New Research Reveals Widespread Operational Safety Failures in Large Language Models

Study introduces OffTopicEval benchmark, finding even top-performing LLMs fall short on operational safety with scores below 80%.

Researchers have introduced OffTopicEval, a new evaluation suite designed to measure “operational safety” in large language models—defined as an LLM’s ability to appropriately accept or refuse user queries when tasked with a specific purpose, according to a paper published on arxiv.org.
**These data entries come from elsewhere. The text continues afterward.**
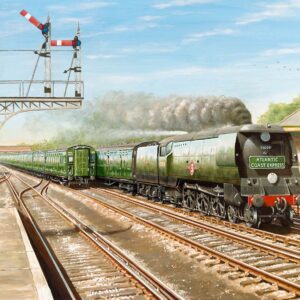 The up Atlantic Coast Express at Weybridge behind a Bulleid pacific No.35004 Cunard White Star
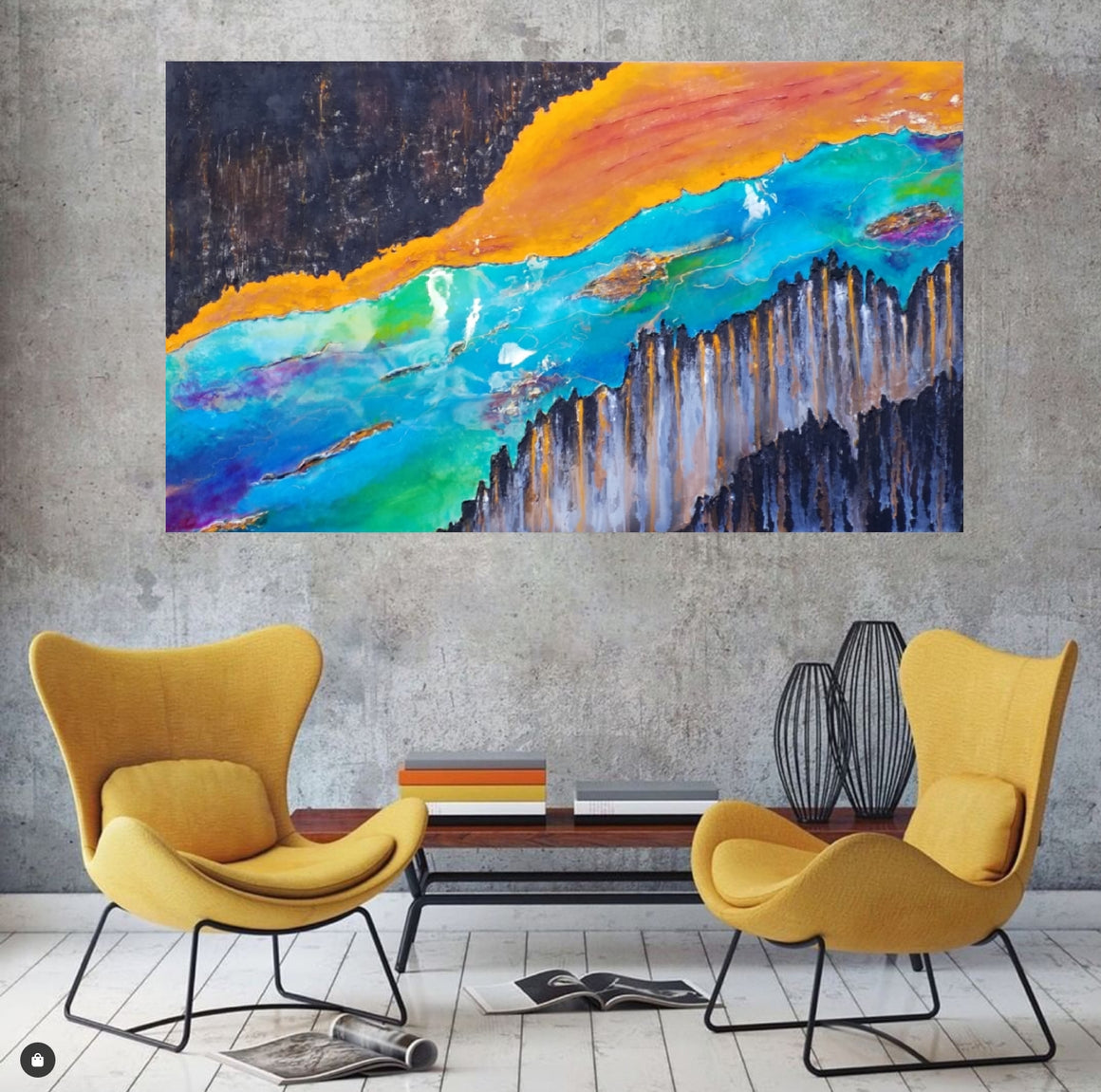 Acrylic and resin abstract artwork  'Outback Mining'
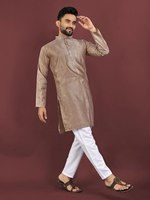 Fête/fête/casual jours porter Viscose soie tissu lourd broderie travail genou longueur fantaisie Kurta pour hommes ou garçons porter à vendre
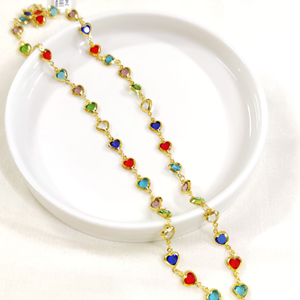 ÇELİK RENKLİ KALP Y KOLYE ZİNCİR GOLD 70 CM - ALTIN SARI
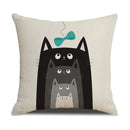 Axyaa Cat Print Cushion Cover for Stylish Home Decor and Comfort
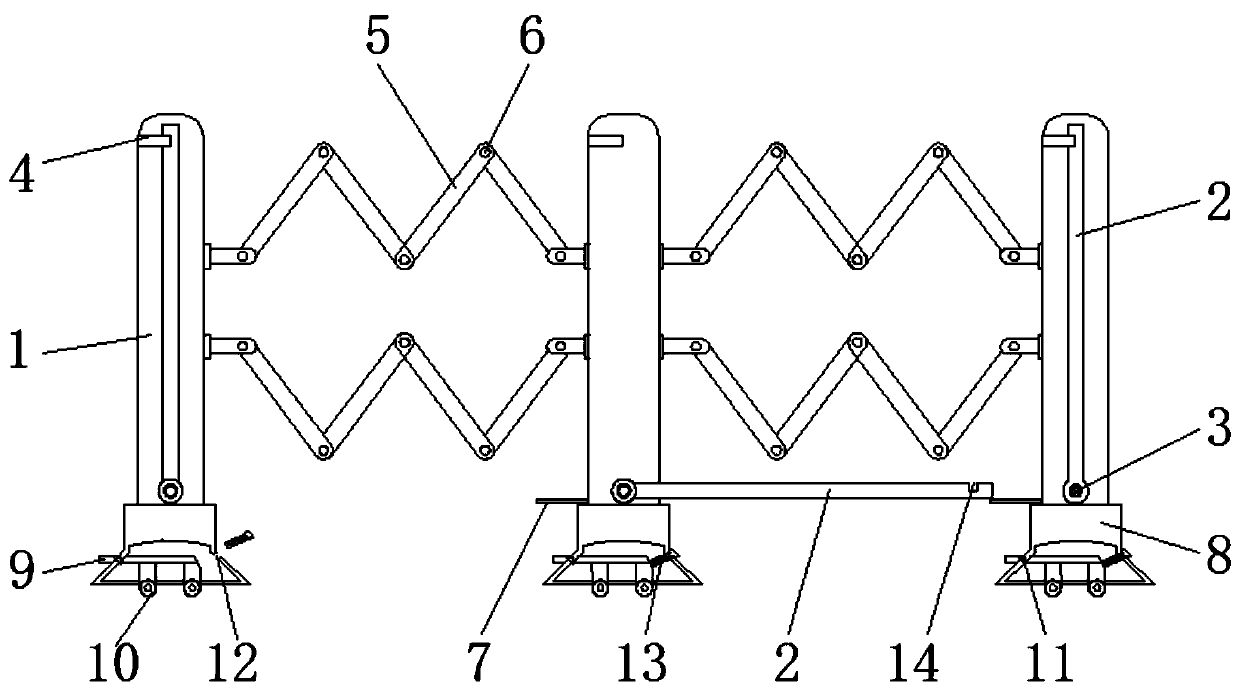 Municipal folding construction guardrail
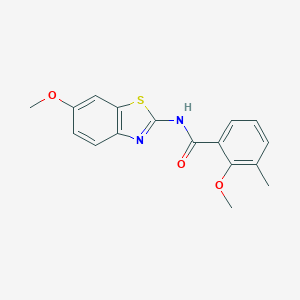 molecular formula C17H16N2O3S B277782 2-methoxy-N-(6-methoxy-1,3-benzothiazol-2-yl)-3-methylbenzamide 
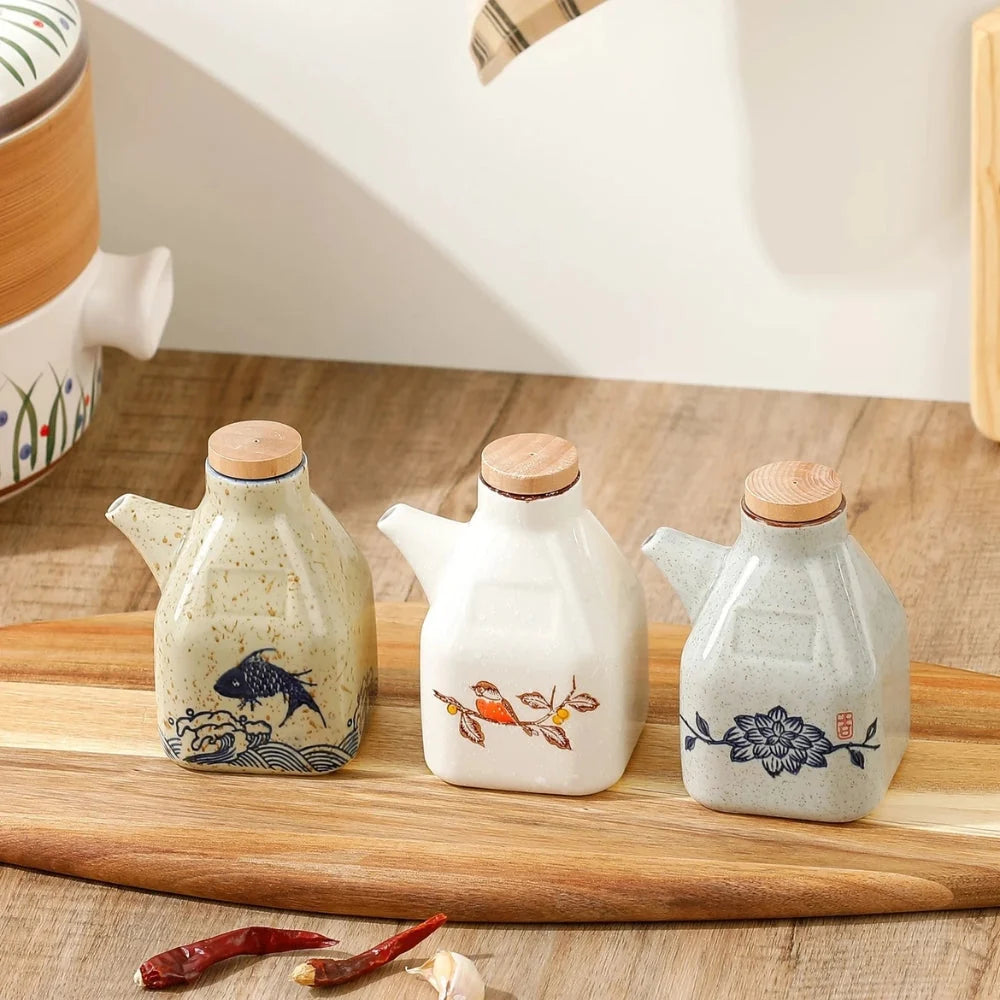 Oil & Sauce Dispenser | Hand-Painted Ceramic & Drip-Free Spout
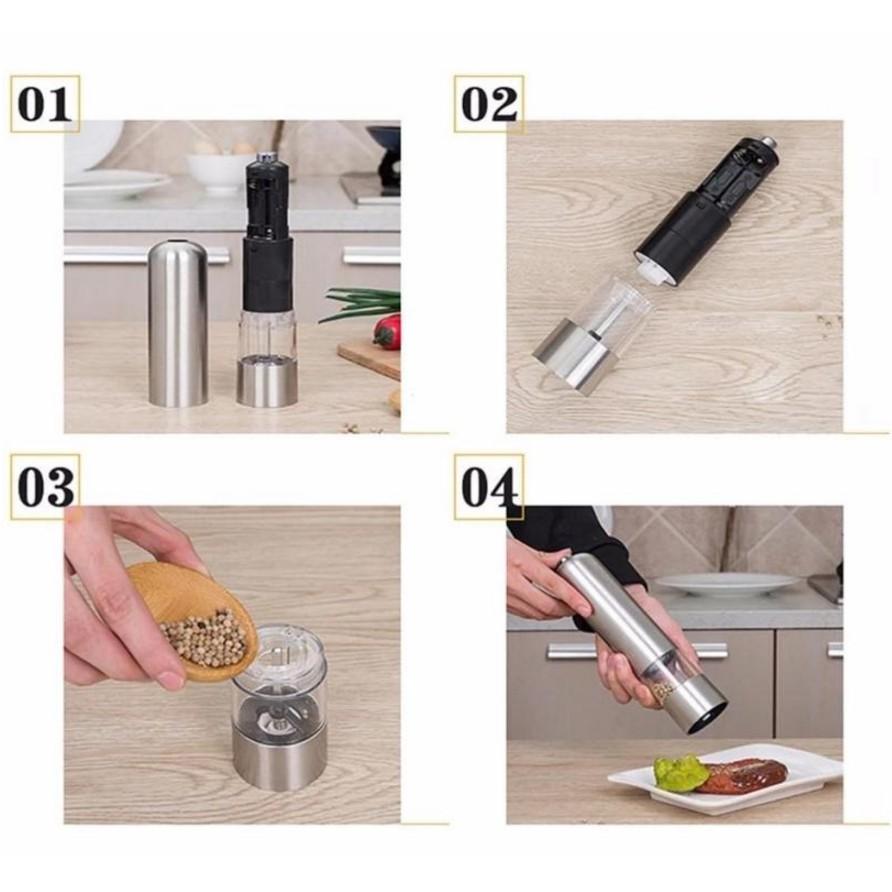 Máy xay tiêu, xay gia vị cầm tay tự động, vỏ Inox không gỉ - ShopToro - AsiaMart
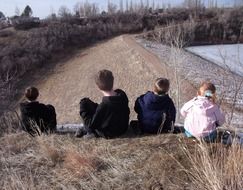 young people among nature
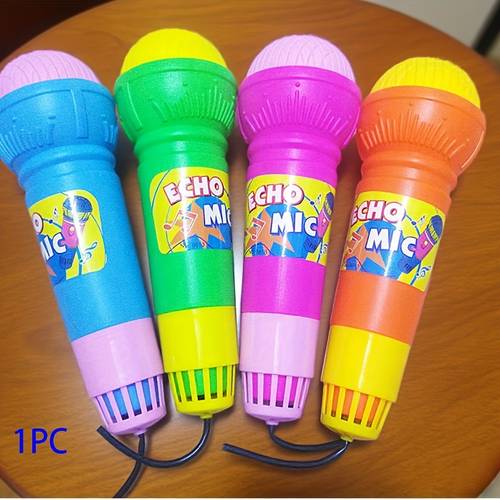 Echo microphone toy, transparent microphone prop, plastic microphone model toy, interactive small toy, festive small gift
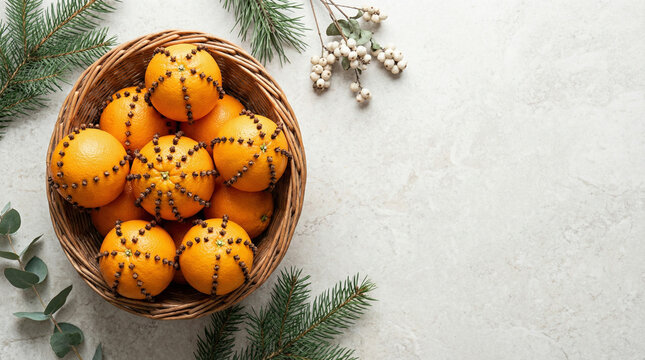 Basket of clove-studded oranges with holiday greenery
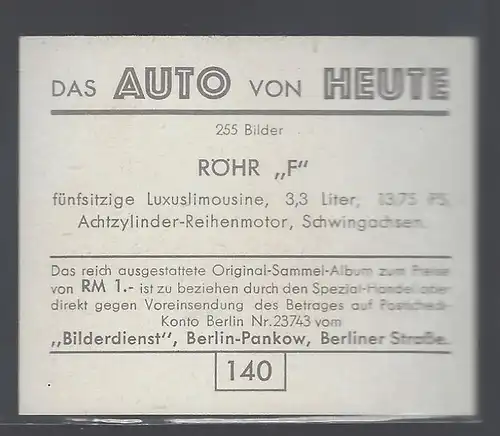 Das Auto von Heute. Bild 140. Röhr F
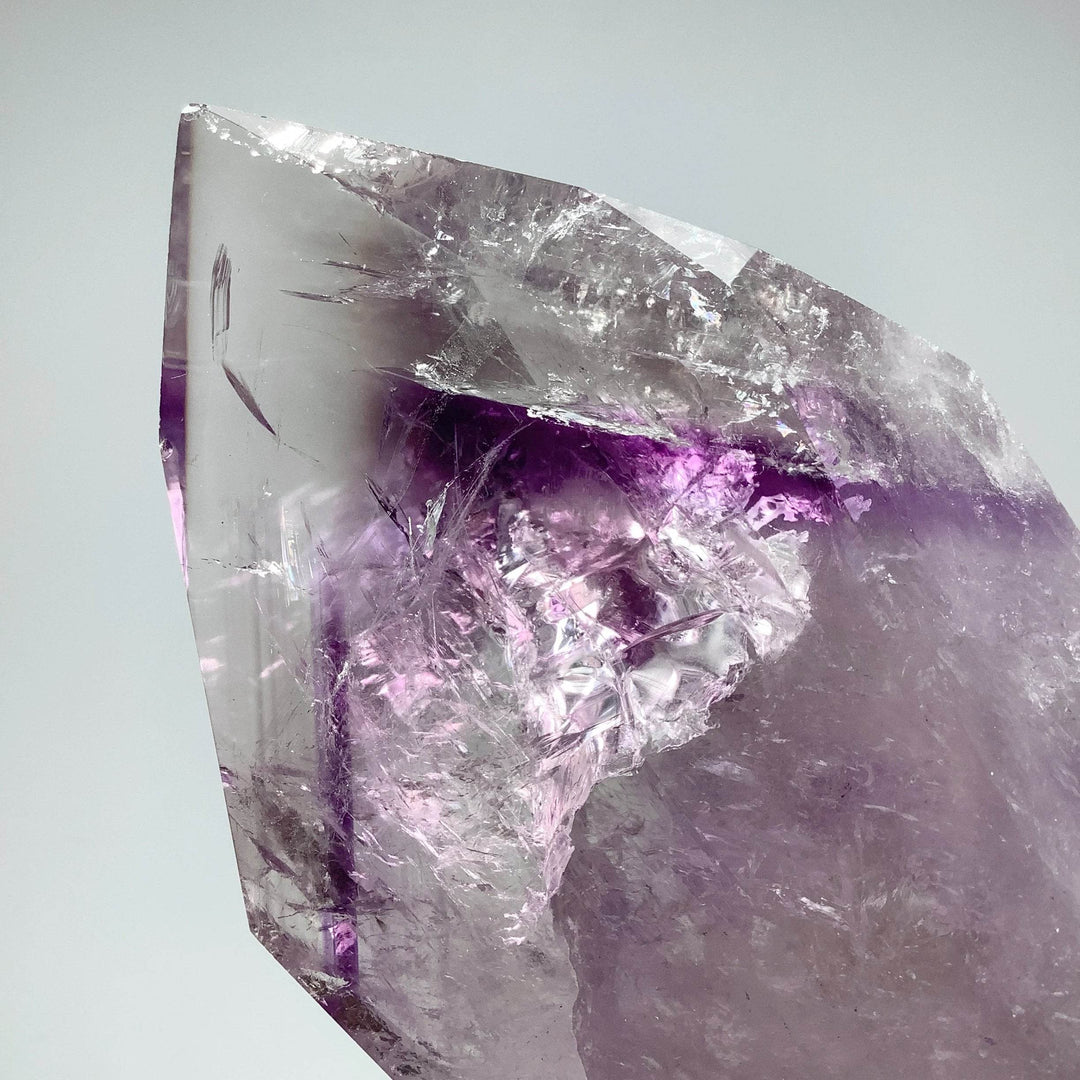 Polished Amethyst Scepter with Display Stand - Rocks and Gems Canada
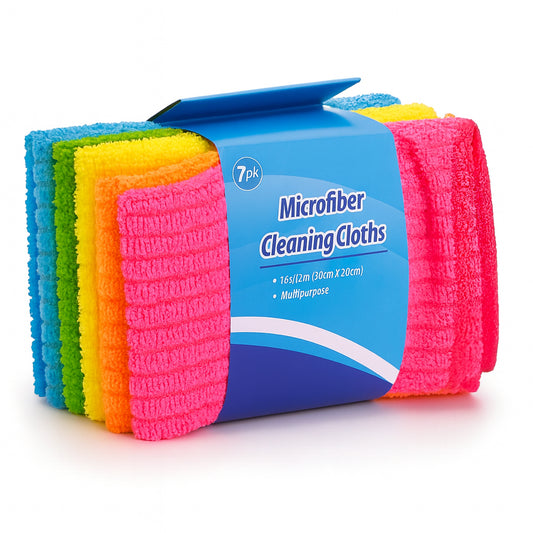 7pk Microfiber Cleaning Cloths – Lint-Free, Scratch-Free, Reusable Cleaning Towels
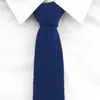Papillon Cravatta in lana da uomo Cravatta piatta sottile blu scuro per uomo Tempo libero Accessori per feste lavorate a maglia Regali di Natale Gravata leggera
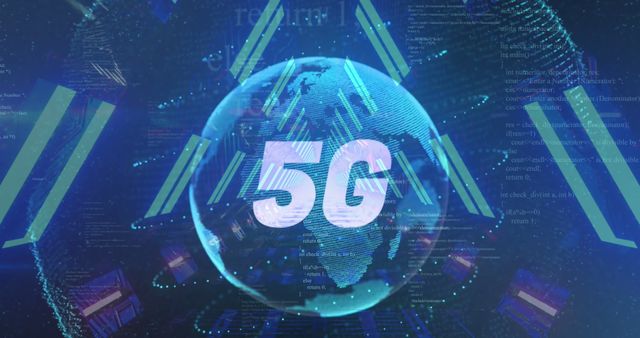 Image of 5g text over neon tunnel in seamless pattern against spinning globe and data processing. Global networking and business technology concept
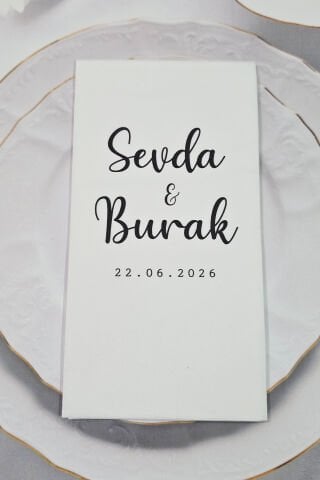 İsimler Tarih Baskılı Nişan Düğün Konsept Baskılı Peçete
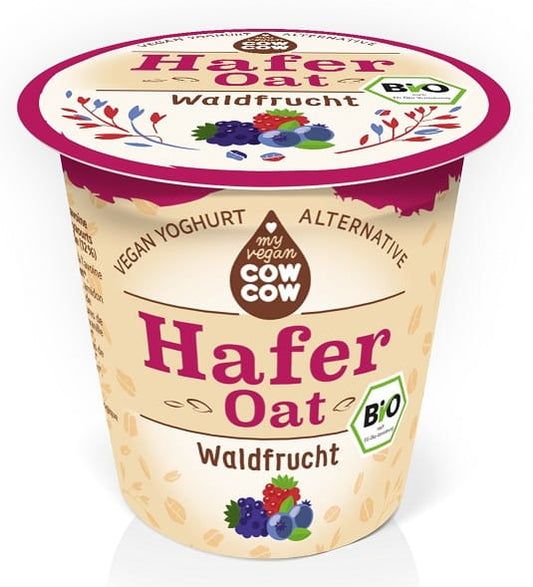 Bio-Haferprodukt Waldfrucht von COW COW, 150 g, mit Hafer und Waldfruchtgeschmack in einer Verpackung.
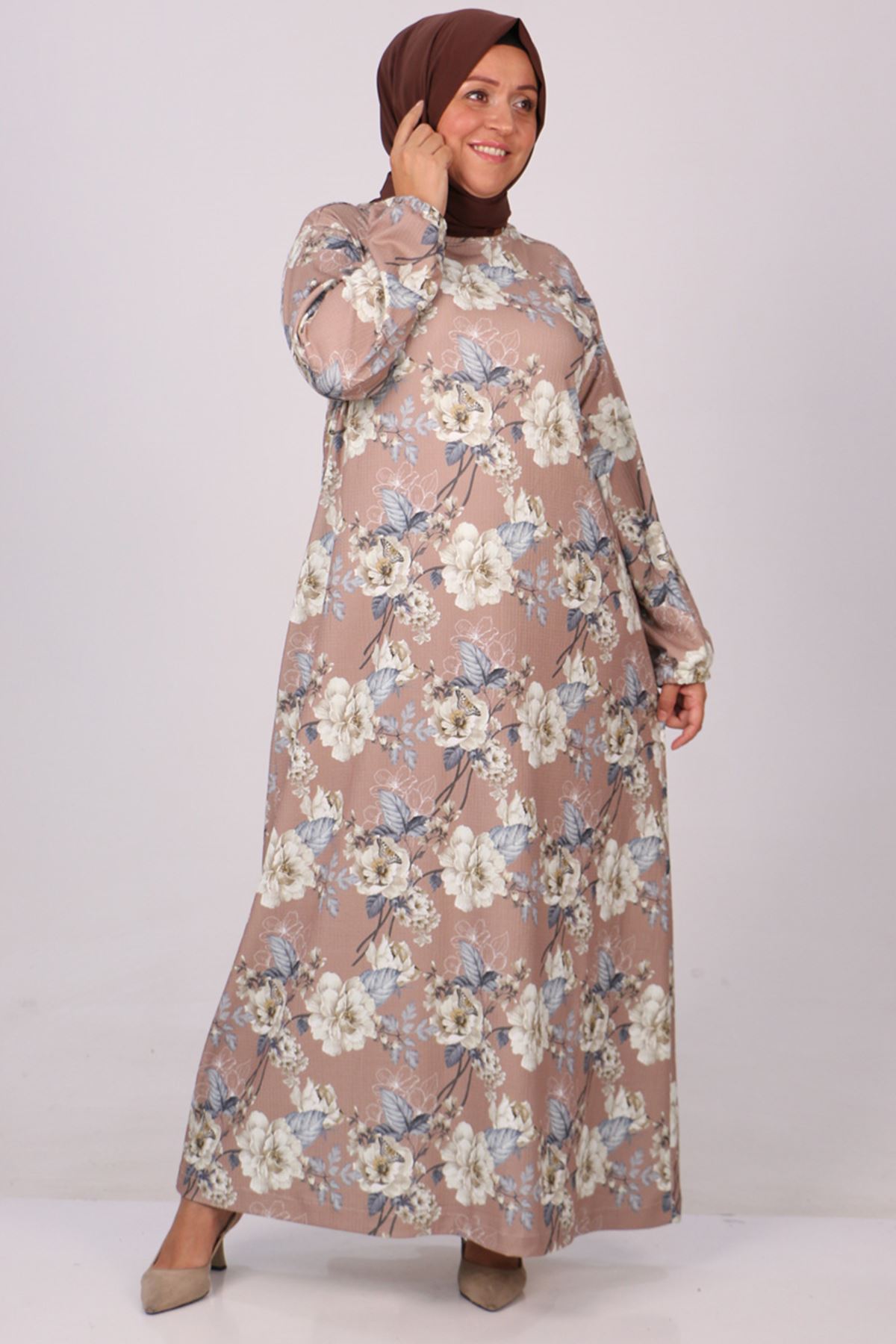 32025 Plus Size Crepe Dress -Floral Mink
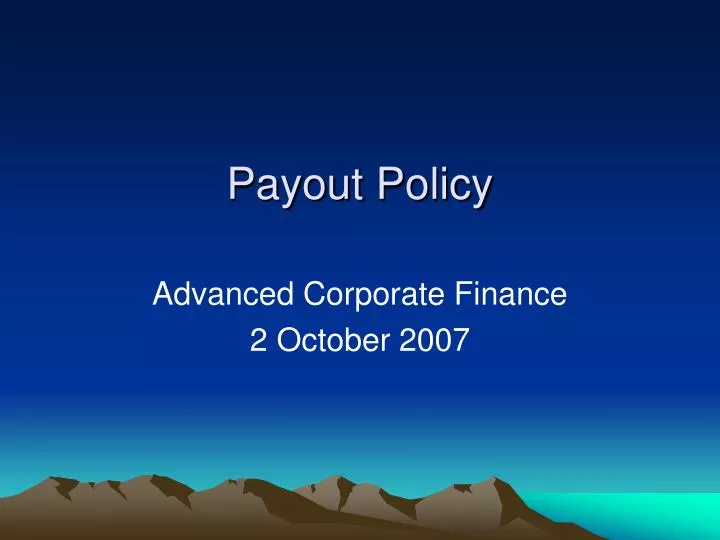 payout policy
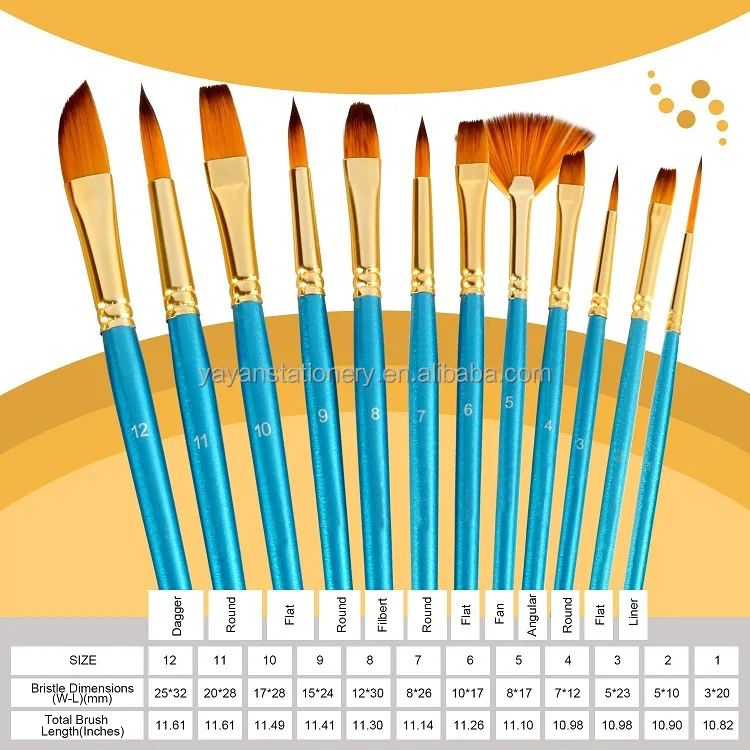 Made In China Manufacturer Professional 12pcs/set Synthetic Nylon Bristle Painting Brushes Artist for Studio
The evaluation of six model families comprising 20 open-weight LLMs revealed that “all of them remain highly operationally unsafe,” according to the research. Even the strongest performers fell significantly short of reliable safety thresholds: Qwen-3 (235B) achieved 77.77% and Mistral (24B) reached 79.96%, while GPT models plateaued in the 62-73% range. Phi models scored mid-level at 48-70%, while Gemma and Llama-3 performed particularly poorly at 39.53% and 23.84%, respectively.

To address these failures, the researchers proposed prompt-based steering methods called query grounding (Q-ground) and system-prompt grounding (P-ground). According to arxiv.org, Q-ground provided consistent gains of up to 23%, while P-ground delivered even larger improvements, raising Llama-3.3 (70B) by 41% and Qwen-3 (30B) by 27%.

The findings highlight a fundamental concern for enterprises deploying LLM-based agents: ensuring models are safe for their intended use case, rather than solely focusing on generic harms. The research emphasizes “the urgent need for operational safety interventions” while demonstrating promise in prompt-based steering as an initial solution.